Pandas version checks

  • [X] I have checked that this issue has not already been reported.

  • [X] I have confirmed this bug exists on the latest version of pandas.

  • [ ] I have confirmed this bug exists on the main branch of pandas.

Reproducible Example

import pandas as pd 
import os

df = pd.DataFrame({("A", 1): [0], ("", 1): [1]})

df.to_excel(os.path.expanduser("merge_empty.xlsx"), merge_cells=True)

Issue Description

When an empty string is present in a MultiIndex header, to_excel will treat it as the merge it incorrectly with the previous column entry on that level. In the example above, the first and second columns should not merge because their first level entries are different.
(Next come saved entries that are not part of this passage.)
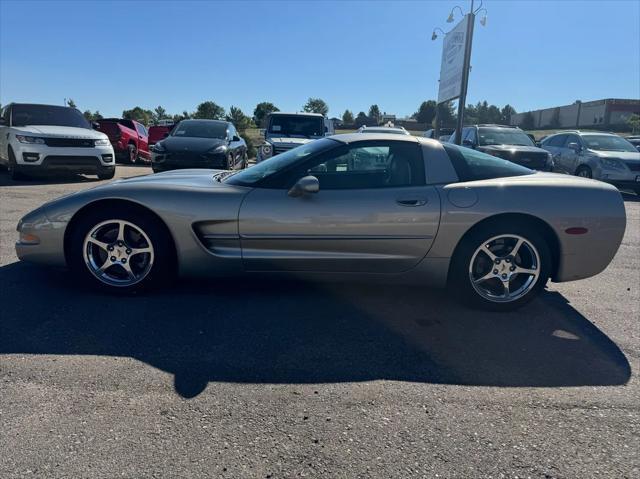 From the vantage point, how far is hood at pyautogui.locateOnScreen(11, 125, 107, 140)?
9711 mm

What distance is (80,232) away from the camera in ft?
11.5

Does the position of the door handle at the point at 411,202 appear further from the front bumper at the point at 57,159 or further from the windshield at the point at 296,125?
the front bumper at the point at 57,159

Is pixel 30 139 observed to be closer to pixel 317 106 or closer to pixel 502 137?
pixel 502 137

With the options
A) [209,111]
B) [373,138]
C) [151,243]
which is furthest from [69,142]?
[209,111]

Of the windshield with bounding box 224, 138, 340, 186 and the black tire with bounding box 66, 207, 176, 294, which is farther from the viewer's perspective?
the windshield with bounding box 224, 138, 340, 186

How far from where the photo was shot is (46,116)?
10.6 meters

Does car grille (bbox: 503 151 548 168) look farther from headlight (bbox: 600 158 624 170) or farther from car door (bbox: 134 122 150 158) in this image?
car door (bbox: 134 122 150 158)

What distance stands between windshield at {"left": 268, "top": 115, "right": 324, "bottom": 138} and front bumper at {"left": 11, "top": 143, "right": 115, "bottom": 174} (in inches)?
153

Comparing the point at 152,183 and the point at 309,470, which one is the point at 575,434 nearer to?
the point at 309,470

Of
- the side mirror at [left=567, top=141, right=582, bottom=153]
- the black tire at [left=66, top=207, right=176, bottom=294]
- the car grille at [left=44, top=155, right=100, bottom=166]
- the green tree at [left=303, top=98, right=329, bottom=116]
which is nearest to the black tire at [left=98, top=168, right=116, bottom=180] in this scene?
the car grille at [left=44, top=155, right=100, bottom=166]

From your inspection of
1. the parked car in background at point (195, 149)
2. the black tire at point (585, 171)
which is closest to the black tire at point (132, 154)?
the parked car in background at point (195, 149)

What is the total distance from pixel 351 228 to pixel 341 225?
0.08 metres

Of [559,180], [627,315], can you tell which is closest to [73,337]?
[559,180]

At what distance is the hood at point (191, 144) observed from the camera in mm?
9773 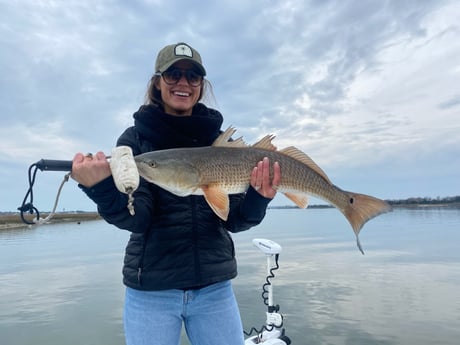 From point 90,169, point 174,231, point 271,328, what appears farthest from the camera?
point 271,328

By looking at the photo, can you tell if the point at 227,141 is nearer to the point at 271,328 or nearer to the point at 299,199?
the point at 299,199

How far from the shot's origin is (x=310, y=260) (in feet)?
62.1

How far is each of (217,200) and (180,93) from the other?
3.38ft

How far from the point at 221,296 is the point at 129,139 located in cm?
151

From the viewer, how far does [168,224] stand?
2848 mm

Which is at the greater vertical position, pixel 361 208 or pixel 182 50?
pixel 182 50

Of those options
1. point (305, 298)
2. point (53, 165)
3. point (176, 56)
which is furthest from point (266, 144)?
point (305, 298)

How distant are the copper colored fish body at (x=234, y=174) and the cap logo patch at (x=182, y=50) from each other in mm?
752

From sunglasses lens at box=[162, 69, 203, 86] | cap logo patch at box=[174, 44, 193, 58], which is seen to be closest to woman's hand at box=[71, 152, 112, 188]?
sunglasses lens at box=[162, 69, 203, 86]

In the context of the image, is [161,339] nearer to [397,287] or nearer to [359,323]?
[359,323]

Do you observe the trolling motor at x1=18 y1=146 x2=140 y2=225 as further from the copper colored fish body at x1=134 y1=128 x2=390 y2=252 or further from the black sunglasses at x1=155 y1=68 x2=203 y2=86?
the black sunglasses at x1=155 y1=68 x2=203 y2=86

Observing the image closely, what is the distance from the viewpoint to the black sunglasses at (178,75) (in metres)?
3.16

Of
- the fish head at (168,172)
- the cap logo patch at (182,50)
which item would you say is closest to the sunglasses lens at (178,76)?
the cap logo patch at (182,50)

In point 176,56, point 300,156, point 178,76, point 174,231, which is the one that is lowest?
point 174,231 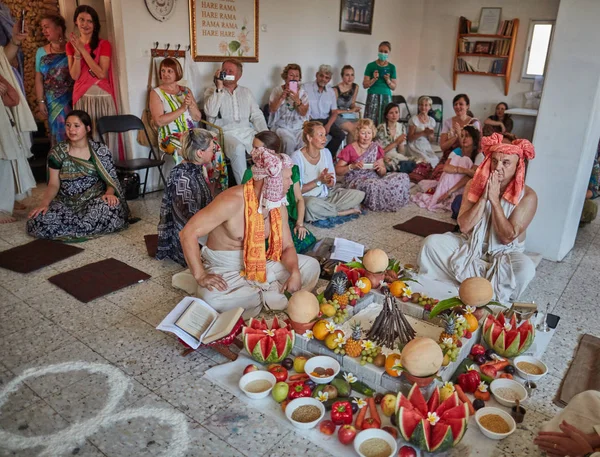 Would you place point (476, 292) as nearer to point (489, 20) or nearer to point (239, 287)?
point (239, 287)

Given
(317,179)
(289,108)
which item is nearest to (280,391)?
(317,179)

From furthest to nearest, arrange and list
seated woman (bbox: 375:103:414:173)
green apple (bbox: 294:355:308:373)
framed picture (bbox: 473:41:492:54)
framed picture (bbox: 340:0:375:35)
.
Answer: framed picture (bbox: 473:41:492:54) → framed picture (bbox: 340:0:375:35) → seated woman (bbox: 375:103:414:173) → green apple (bbox: 294:355:308:373)

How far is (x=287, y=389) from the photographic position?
7.03 ft

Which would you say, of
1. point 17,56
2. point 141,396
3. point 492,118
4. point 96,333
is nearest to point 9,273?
point 96,333

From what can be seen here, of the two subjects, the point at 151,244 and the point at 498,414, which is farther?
the point at 151,244

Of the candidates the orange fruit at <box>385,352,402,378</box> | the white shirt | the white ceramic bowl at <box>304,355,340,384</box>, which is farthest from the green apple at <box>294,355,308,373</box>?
the white shirt

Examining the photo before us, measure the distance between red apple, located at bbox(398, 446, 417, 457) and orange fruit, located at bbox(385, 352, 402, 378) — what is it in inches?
12.5

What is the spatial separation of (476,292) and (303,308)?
2.79 feet

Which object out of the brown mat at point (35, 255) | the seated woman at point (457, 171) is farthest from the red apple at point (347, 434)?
the seated woman at point (457, 171)

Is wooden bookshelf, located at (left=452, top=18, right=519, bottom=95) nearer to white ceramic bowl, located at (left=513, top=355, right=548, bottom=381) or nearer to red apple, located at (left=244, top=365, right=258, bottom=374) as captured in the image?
white ceramic bowl, located at (left=513, top=355, right=548, bottom=381)

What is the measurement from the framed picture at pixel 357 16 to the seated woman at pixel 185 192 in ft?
16.0

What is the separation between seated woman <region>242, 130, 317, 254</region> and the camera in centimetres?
378

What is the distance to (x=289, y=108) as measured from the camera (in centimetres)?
609

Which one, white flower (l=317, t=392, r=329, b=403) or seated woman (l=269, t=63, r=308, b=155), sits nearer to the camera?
white flower (l=317, t=392, r=329, b=403) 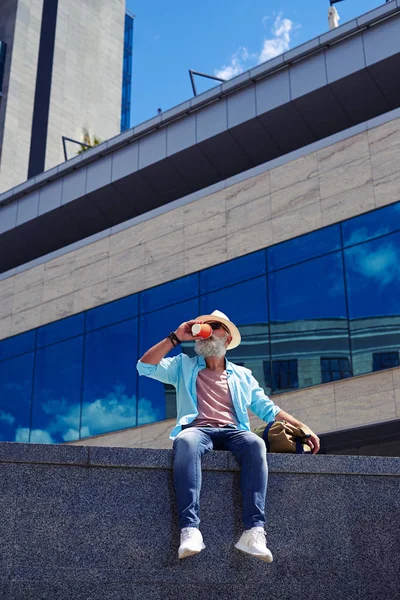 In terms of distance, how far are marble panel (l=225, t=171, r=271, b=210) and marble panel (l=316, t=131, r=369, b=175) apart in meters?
1.47

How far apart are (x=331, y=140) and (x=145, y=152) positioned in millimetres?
6946

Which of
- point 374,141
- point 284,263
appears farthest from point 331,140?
point 284,263

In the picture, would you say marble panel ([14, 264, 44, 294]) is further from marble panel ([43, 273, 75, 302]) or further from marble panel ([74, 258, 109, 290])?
marble panel ([74, 258, 109, 290])

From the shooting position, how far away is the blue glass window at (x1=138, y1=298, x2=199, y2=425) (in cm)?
1997

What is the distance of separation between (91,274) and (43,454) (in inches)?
695

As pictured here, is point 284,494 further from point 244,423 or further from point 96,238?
point 96,238

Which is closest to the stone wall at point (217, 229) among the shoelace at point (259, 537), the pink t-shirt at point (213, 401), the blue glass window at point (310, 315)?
the blue glass window at point (310, 315)

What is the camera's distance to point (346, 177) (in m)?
18.8

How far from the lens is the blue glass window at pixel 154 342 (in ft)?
65.5

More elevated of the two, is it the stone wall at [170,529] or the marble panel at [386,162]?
the marble panel at [386,162]

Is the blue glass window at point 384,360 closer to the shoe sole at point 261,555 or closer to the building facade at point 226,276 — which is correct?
the building facade at point 226,276

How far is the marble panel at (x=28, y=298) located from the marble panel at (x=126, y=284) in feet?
9.28

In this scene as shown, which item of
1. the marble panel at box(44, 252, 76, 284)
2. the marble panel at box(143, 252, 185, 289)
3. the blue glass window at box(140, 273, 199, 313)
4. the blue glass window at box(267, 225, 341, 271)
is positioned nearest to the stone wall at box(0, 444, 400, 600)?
the blue glass window at box(267, 225, 341, 271)

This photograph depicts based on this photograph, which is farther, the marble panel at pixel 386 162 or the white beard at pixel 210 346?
the marble panel at pixel 386 162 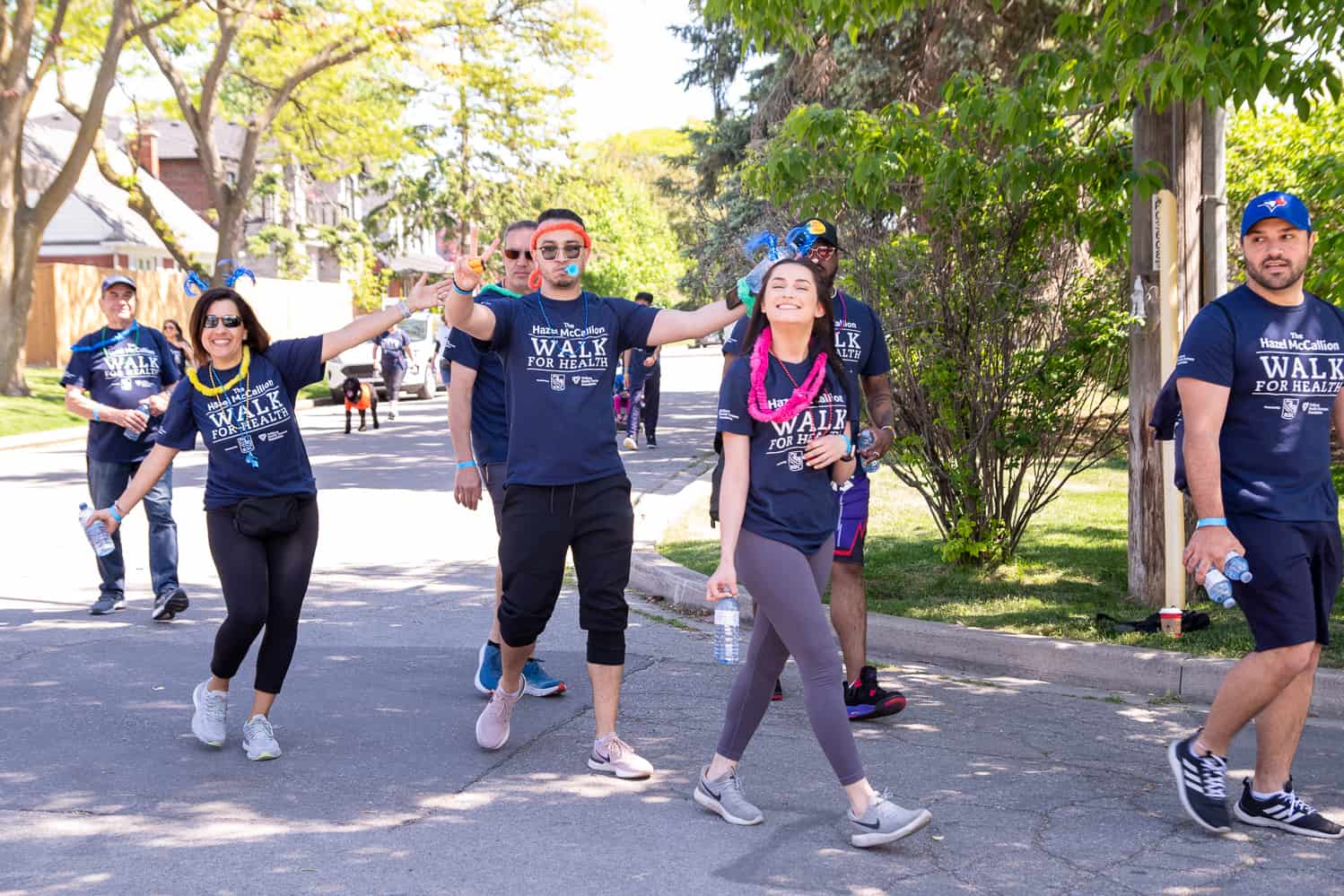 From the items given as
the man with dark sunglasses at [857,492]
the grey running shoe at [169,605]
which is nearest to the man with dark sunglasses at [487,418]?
the man with dark sunglasses at [857,492]

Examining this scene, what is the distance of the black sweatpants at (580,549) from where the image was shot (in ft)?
17.8

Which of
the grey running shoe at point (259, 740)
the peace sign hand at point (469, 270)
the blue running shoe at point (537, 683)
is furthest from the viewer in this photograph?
the blue running shoe at point (537, 683)

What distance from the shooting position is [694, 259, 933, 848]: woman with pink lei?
4660 mm

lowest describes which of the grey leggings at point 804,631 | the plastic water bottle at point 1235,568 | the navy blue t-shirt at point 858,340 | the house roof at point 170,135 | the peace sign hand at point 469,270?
the grey leggings at point 804,631

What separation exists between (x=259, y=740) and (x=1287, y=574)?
144 inches

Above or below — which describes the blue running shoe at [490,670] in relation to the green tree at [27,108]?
below

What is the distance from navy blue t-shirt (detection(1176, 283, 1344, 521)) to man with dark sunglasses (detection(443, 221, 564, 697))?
287 centimetres

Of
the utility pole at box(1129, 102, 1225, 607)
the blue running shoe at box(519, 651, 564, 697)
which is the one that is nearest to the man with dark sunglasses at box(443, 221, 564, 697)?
the blue running shoe at box(519, 651, 564, 697)

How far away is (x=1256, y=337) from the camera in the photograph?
4641mm

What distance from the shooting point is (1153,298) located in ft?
26.5

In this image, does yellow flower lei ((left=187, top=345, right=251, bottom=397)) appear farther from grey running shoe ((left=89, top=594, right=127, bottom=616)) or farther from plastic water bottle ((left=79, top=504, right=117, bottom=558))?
grey running shoe ((left=89, top=594, right=127, bottom=616))

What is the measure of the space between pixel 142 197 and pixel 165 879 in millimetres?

See the screenshot below: Pandas BUG: Excel merge cell does not handle empty strings correctly

The issue arises from the use of an empty string as the sentinel in MultiIndex.format

Expected Behavior

The column header should not merge past empty strings.

See the screenshot below: Pandas BUG: Excel merge cell does not handle empty strings correctly

Installed Versions

C:\Users\\envs\pandas14_cf\lib\site-packages\_distutils_hack\__init__.py:36: UserWarning: Setuptools is replacing distutils. warnings.warn("Setuptools is replacing distutils.") INSTALLED VERSIONS ------------------ commit : d023ba755322e09b95fd954bbdc43f5be224688e python : 3.10.1.final.0 python-bits : 64 OS : Windows OS-release : 10 Version : 10.0.19043 machine : AMD64 processor : Intel64 Family 6 Model 142 Stepping 12, GenuineIntel byteorder : little LC_ALL : None LANG : None LOCALE : English_United States.1252 pandas : 1.4.0rc0 numpy : 1.22.0 pytz : 2021.3 dateutil : 2.8.2 pip : 21.2.4 setuptools : 60.2.0 Cython : None pytest : None hypothesis : None sphinx : None blosc : None feather : None xlsxwriter : 3.0.2 lxml.etree : None html5lib : None pymysql : None psycopg2 : None jinja2 : 3.0.3 IPython : 8.0.0 pandas_datareader: None bs4 : None bottleneck : None fsspec : None fastparquet : None gcsfs : None matplotlib : 3.5.1 numexpr : 2.8.0 odfpy : None openpyxl : 3.0.9 pandas_gbq : None pyarrow : None pyxlsb : None s3fs : None scipy : 1.7.3 sqlalchemy : None tables : 3.6.1 tabulate : None xarray : None xlrd : 2.0.1 xlwt : None numba : None zstandard : None

Comment From: tehunter

The following code snippet should be able to replace level_lengths so that to_excel handles empty strings correctly

(In pandas.io.formats.excel)

class ExcelFormatter:
    # ...
    def _format_header_mi(...):
        # ...
        level_lengths = pandas.io.formats.format.get_level_lengths([[False] + [lev_codes[i] == lev_codes[i+1] for i in range(len(lev_codes)-1)] for lev,lev_codes in zip(columns.levels, columns.codes)], sentinel=True)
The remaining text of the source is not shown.